Simple tips for boosting you business through better leagues

When Doug Mcdavitt recently closed Willowbrook Golf Course because of rain, he left the clubhouse doors open. A few hours later, “20 or 30 people” turned up, munching and sipping their way through more than $500 worth of hamburgers, beer and more. Money like that on a day like that can be critical for an operation like Willowbrook, a 27-hole facility in Watertown, New York, about 70 miles north of Syracuse.

At one time, when manufacturing was king, the town was home to more millionaires per capita than anywhere else in the country. But manufacturing, like golf, isn’t what it once was. Nor is Watertown, and millionaires are as scarce as double eagles at Willowbrook. “We’re not exactly what you’d call one of the great courses,” McDavitt says. “We’re never going to host the U.S. Open.”
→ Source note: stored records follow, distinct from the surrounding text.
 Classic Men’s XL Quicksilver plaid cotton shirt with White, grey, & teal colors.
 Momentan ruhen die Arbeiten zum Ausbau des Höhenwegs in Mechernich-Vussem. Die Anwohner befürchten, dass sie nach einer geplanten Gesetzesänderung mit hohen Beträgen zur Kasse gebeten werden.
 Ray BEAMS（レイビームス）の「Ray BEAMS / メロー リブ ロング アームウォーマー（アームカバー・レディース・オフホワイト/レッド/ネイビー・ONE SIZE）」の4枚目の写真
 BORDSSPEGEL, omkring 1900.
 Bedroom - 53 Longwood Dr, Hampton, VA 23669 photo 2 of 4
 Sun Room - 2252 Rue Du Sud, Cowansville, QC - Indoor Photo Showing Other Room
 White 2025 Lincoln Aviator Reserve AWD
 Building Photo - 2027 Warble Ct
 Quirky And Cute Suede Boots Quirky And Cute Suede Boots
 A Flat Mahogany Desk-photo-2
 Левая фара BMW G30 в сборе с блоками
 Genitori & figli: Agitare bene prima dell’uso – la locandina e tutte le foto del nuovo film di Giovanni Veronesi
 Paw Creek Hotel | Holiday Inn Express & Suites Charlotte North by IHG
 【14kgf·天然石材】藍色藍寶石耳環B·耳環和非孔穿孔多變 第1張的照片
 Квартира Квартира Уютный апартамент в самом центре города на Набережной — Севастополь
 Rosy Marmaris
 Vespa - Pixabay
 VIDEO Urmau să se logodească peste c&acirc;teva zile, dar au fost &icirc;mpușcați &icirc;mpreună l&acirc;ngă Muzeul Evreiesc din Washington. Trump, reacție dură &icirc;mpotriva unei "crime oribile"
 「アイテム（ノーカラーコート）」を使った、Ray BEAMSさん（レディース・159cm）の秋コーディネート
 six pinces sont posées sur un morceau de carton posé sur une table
It hasn’t helped that there has been a slew of other rainouts recently. “Worst spring in my 31 years here,” McDavitt proclaims. It even snowed on May 8. In such a climate, that $500 and change means even more. It came in because of Willowbrook’s solid league operation and the social culture it engenders.

“These guys are friends. Their league is their night out from the wife and kids,” McDavitt explains. “Our golf season is short and when winter comes, a lot of them won’t see each other for four or five months. So they look forward to catching up even if they can’t play.”

Another of the club’s nine leagues even has a compulsory attendance clause in its rules. Rain, hail or snow, members of the 50-plus co-ed league that plays on Thursdays at 3 p.m., must turn up to spend a few hours together. “They’ll play cards or get up a marble game or something,” McDavitt notes. “I appreciate it because what they spend really helps us. It’s really pretty cool.”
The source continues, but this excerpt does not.